- [Problem statement]:
The material below includes pictures; leave them out and return only the lines between the line containing "Nichée dans le" and the line containing "Load image into", inclusive, word for word.

- [Records shown]:
◇ ◇ ◇ ◇
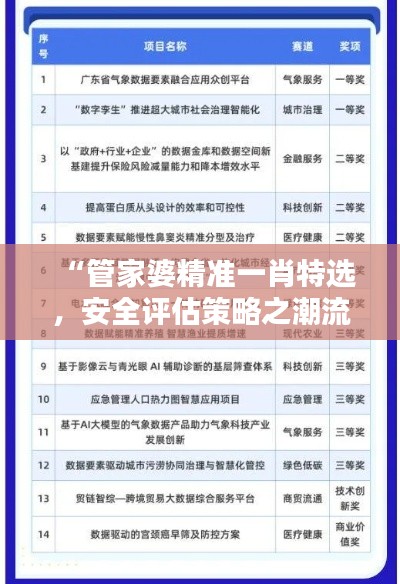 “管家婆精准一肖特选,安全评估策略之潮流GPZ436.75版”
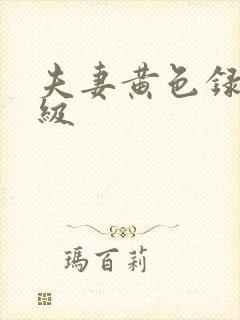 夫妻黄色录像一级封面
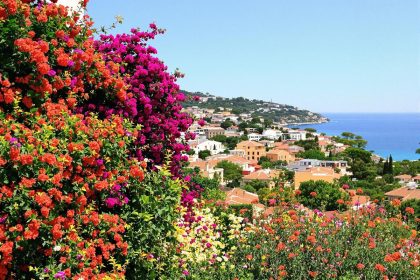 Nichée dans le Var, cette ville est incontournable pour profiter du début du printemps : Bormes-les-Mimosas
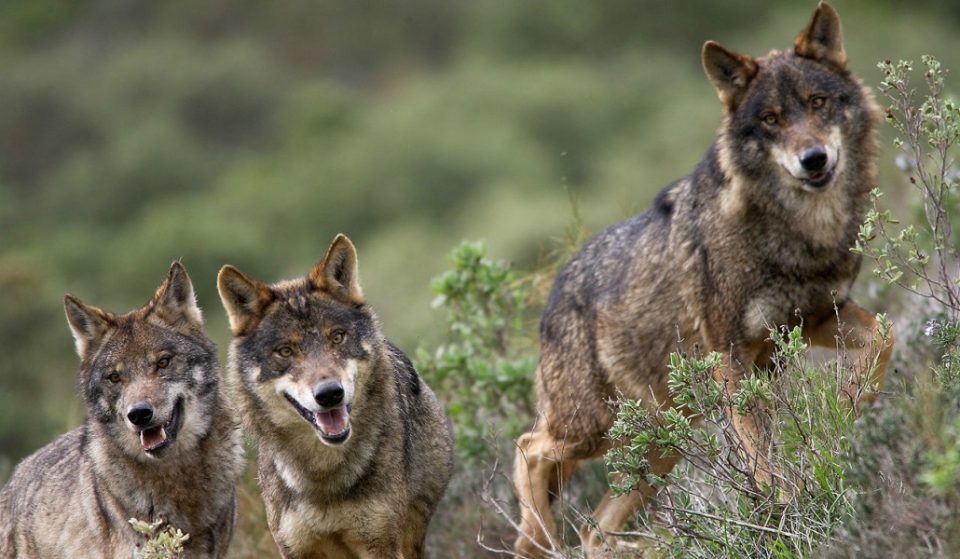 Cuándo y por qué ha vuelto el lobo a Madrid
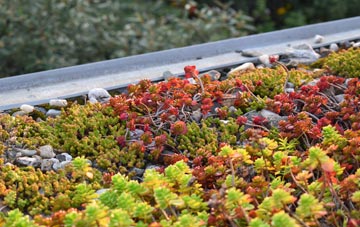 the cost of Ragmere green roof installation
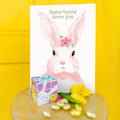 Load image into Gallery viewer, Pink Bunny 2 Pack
◇ ◇ ◇ ◇
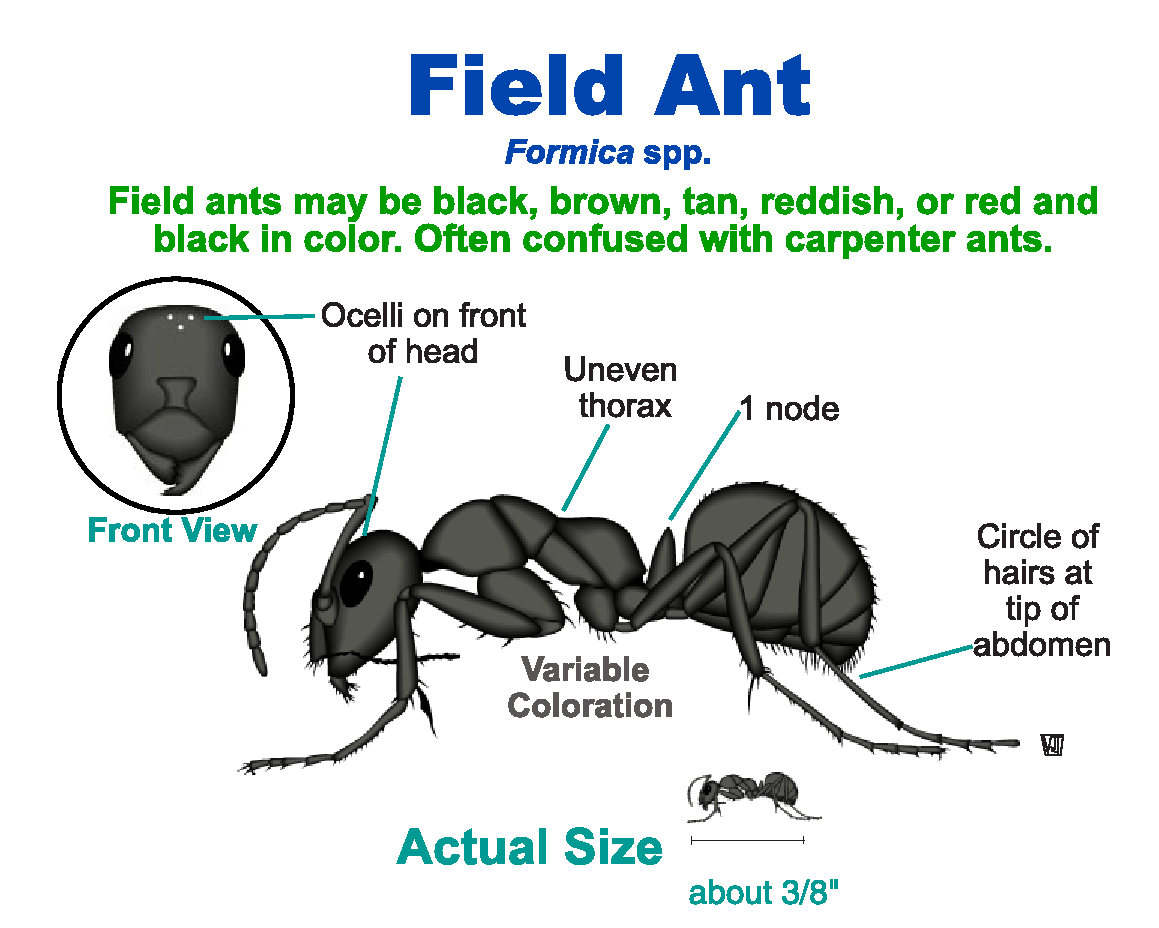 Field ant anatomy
◇ ◇ ◇ ◇
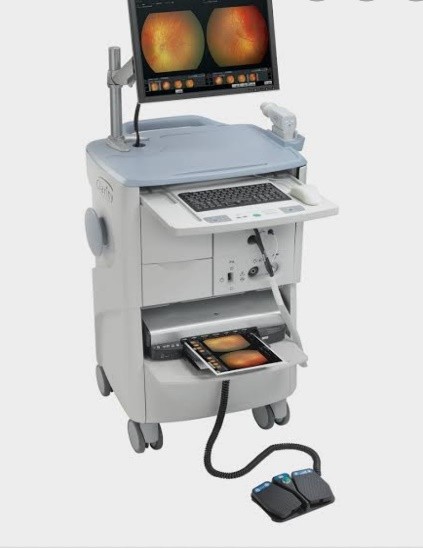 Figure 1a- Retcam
◇ ◇ ◇ ◇
- [Answer to the exercise]:
 Nichée dans le Var, cette ville est incontournable pour profiter du début du printemps : Bormes-les-Mimosas
 Cuándo y por qué ha vuelto el lobo a Madrid
 the cost of Ragmere green roof installation
 Load image into Gallery viewer, Pink Bunny 2 Pack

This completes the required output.